AAAI Conference 2026 Conference Paper
Improving Generalization in Offline Meta-Reinforcement Learning via Cross-task Contexts
- Hongcai He
- Zetao Zheng
- Anjie Zhu
- Deqiang Ouyang
- Jie Shao
Context-based offline meta-reinforcement learning (meta-RL) is a paradigm that integrates meta-learning with offline reinforcement learning. It learns a strategy to extract task-specific contexts from trajectories of meta-training tasks and leverages this strategy for adapting to unseen target tasks. However, existing methods struggle to generate generalizable contexts for adaptations due to context shift, which arises from the context-based policy overfitting to offline data.

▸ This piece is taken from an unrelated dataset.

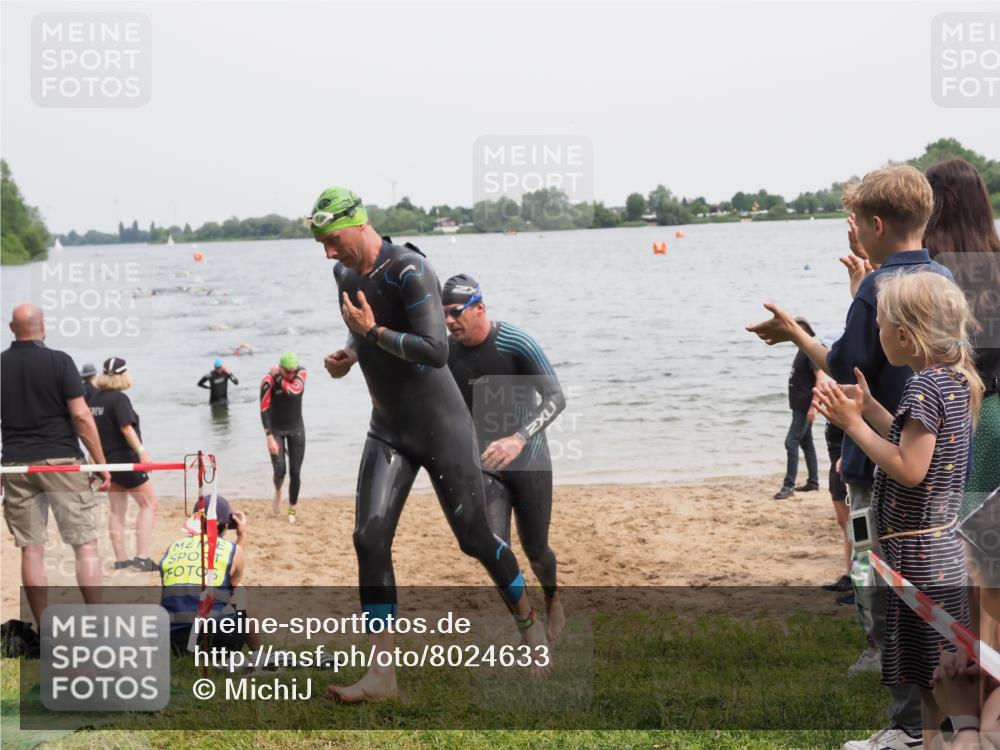 21.06.2025 - 27. Vierlanden-Triathlon MichiJ http://msf.ph/oto/8024633 15.06.2026 10:55:34 Schwimmen 639, 656, 712, 736, 740 meine-sportfotos.de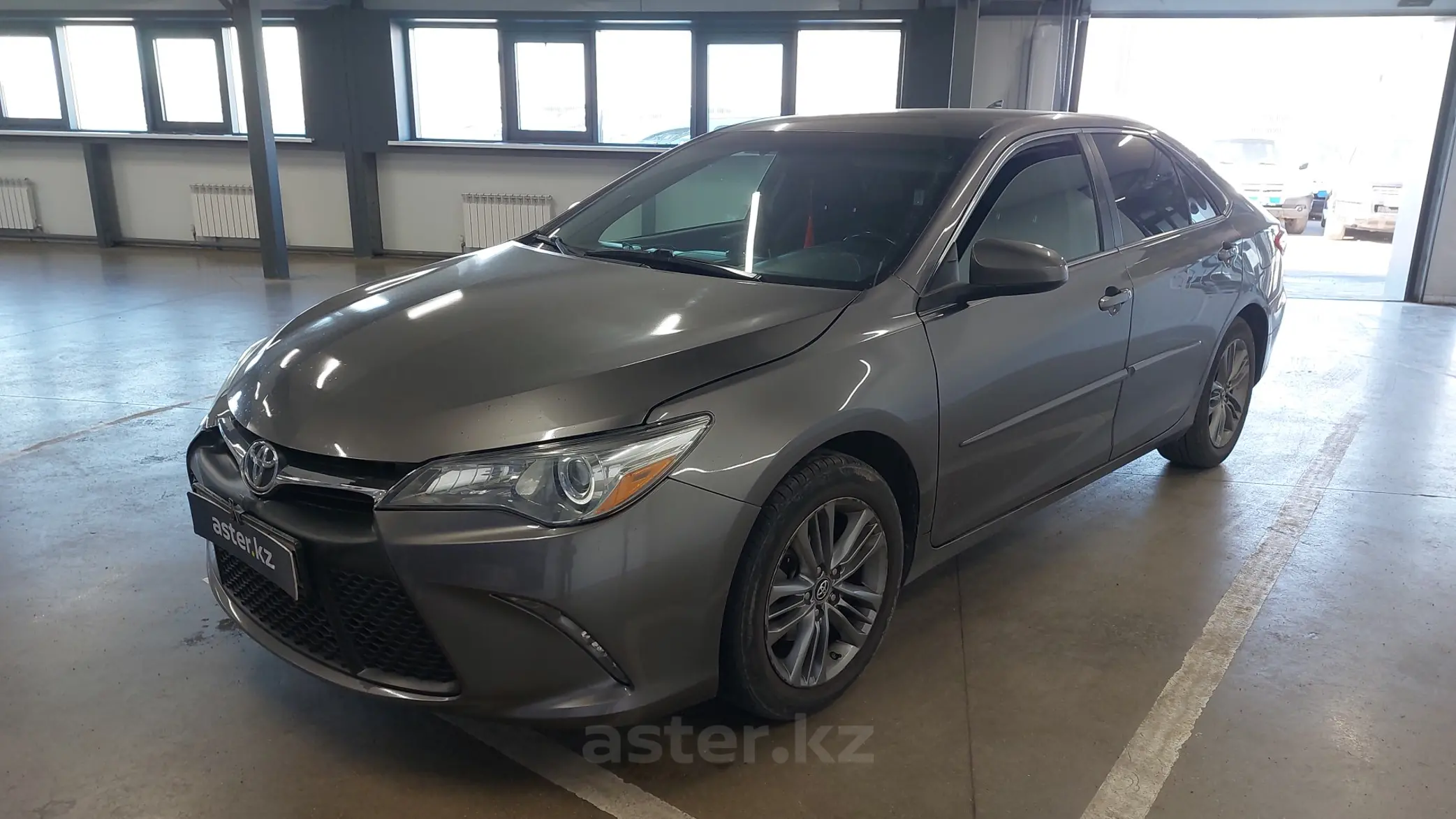 Toyota Camry 2016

We argue that leveraging the internal relationships among tasks, rather than treating each task in isolation, is crucial for mitigating the impact of context shift. Hence, we propose a framework called cross-task contexts for improving generalization in meta-RL (CTMRL). Specifically, we design a context quantization variational auto-encoder (CQ-VAE), which clusters task-specific contexts of meta-training tasks into discrete codes based on the internal relationships among tasks. Cross-task contexts are constructed with these codes, reflecting shared information across similar tasks. These cross-task contexts not only serve as high-level structures to capture similarity across tasks but also provide a foundation for hard contrastive learning that enhances the distinguishability of similar yet distinct tasks, thereby improving the generalization of contexts and facilitating adaptation to unseen target tasks. The evaluation in meta-environments confirms the performance advantage of CTMRL over existing methods.